Some time ago, a young Chippewa girl conceived a violent passion for a hunter of a different tribe, and followed him from his winter hunting-ground to his own village. He was already married, and the wife, not being inclined to admit the rival, drove this love-sick damsel away, and treated her with the utmost indignity. The girl, in desperation, offered herself as a slave to the wife, to carry wood and water, and lie at her feet—anything to be admitted within the same lodge and only look upon the object of her affection. She prevailed at length. Now, the mere circumstance of her residing within the same lodge made her also the wife of the man, according to the Indian custom; but apparently she was content to forego all the privileges and honours of a wife. She endured, for several months, with uncomplaining resignation, every species of ill usage and cruelty on the part of the first wife, till at length this woman, unable any longer to suffer even the presence of a rival, watched an opportunity as the other entered the wigwam with a load of fire-wood, and cleft her skull with the husband's tomahawk.

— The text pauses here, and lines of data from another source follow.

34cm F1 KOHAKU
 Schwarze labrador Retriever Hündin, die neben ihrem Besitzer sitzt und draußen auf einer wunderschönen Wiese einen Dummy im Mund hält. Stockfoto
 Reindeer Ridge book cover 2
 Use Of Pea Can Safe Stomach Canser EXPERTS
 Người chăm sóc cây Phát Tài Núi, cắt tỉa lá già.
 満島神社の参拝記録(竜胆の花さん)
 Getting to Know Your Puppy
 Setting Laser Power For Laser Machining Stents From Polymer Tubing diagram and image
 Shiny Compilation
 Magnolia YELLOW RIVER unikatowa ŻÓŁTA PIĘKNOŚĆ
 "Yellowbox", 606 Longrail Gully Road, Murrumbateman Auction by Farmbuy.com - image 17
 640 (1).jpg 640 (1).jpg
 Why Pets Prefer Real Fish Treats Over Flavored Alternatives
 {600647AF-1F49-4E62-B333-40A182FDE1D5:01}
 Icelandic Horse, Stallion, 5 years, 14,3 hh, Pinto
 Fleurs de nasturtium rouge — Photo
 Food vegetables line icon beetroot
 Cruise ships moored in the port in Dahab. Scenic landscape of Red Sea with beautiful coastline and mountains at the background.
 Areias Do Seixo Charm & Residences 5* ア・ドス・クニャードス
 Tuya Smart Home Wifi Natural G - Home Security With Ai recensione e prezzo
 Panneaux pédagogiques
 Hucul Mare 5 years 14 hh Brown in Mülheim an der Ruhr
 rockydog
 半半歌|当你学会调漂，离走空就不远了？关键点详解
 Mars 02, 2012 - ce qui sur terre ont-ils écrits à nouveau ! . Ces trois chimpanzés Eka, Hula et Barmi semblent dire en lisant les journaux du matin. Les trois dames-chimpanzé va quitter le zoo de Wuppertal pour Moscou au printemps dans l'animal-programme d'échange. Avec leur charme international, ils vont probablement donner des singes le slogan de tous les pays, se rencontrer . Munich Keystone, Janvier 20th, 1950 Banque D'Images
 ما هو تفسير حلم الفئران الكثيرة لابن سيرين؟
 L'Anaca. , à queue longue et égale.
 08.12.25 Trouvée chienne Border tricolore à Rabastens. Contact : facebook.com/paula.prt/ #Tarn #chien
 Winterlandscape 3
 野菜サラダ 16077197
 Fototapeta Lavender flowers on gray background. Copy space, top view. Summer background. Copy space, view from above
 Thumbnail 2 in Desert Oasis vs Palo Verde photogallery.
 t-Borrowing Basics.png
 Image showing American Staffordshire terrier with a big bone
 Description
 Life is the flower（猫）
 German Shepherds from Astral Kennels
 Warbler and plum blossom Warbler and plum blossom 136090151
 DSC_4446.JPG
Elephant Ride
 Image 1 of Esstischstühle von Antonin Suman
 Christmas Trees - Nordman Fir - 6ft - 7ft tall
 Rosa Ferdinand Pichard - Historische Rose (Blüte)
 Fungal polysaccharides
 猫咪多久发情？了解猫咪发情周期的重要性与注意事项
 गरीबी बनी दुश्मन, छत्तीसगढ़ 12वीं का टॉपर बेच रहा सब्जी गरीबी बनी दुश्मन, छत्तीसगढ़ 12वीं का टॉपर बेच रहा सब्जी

"And did the man permit all this?" was the natural question.
The answer was remarkable. "What could he do? he could not help it: a woman is always absolute mistress in her own wigwam!"
In the end, the murder was not punished. The poor victim having fled from a distant tribe, there were no relatives to take vengeance, or do justice, and it concerned no one else. She lies buried at a short distance from the Sault-Ste-Marie, where the murderess and her husband yet live.